Stored dataset items:
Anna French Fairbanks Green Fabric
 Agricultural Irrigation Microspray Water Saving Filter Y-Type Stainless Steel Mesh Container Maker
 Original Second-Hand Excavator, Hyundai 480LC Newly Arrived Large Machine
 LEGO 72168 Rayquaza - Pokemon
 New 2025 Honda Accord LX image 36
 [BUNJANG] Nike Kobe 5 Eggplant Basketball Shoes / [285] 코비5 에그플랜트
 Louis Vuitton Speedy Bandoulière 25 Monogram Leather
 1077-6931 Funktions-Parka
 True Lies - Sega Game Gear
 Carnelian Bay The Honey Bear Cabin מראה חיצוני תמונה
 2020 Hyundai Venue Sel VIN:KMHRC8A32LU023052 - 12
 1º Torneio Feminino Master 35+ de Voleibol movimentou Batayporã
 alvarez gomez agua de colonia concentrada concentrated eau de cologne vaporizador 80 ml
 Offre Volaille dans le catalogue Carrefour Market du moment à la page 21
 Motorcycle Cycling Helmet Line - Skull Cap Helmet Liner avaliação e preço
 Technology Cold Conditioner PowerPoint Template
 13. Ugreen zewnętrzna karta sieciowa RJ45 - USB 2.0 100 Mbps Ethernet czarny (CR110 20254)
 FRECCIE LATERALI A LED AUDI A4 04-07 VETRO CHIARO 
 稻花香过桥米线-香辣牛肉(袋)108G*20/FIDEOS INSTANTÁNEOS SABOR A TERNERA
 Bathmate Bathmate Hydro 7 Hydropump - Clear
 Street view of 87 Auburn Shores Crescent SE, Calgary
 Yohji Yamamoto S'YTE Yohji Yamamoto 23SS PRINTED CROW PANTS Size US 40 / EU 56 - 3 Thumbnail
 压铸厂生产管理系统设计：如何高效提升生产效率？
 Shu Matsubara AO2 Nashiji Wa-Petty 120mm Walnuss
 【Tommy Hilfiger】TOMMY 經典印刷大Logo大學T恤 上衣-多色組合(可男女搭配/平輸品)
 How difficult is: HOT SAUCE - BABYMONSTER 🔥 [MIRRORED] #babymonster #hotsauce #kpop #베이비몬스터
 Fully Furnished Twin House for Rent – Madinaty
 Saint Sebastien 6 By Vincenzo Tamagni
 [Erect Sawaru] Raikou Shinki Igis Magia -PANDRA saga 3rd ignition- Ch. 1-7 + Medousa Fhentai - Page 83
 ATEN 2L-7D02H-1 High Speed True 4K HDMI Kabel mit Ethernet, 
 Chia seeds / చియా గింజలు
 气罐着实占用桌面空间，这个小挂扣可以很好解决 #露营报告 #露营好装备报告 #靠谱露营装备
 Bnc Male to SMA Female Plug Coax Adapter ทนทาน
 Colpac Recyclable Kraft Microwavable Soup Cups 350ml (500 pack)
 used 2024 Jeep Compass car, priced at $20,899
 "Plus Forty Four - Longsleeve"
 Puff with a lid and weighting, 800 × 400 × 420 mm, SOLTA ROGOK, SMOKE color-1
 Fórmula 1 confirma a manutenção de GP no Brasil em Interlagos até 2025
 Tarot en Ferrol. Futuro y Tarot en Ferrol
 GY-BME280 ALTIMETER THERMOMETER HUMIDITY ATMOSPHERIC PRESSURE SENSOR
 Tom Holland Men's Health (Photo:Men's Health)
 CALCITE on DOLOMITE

*What the task asks*.
Retype exactly, please, only the lines of the entries that run from the one containing "used 2024 Jeep" to the last.

*Written response*.
 used 2024 Jeep Compass car, priced at $20,899
 "Plus Forty Four - Longsleeve"
 Puff with a lid and weighting, 800 × 400 × 420 mm, SOLTA ROGOK, SMOKE color-1
 Fórmula 1 confirma a manutenção de GP no Brasil em Interlagos até 2025
 Tarot en Ferrol. Futuro y Tarot en Ferrol
 GY-BME280 ALTIMETER THERMOMETER HUMIDITY ATMOSPHERIC PRESSURE SENSOR
 Tom Holland Men's Health (Photo:Men's Health)
 CALCITE on DOLOMITE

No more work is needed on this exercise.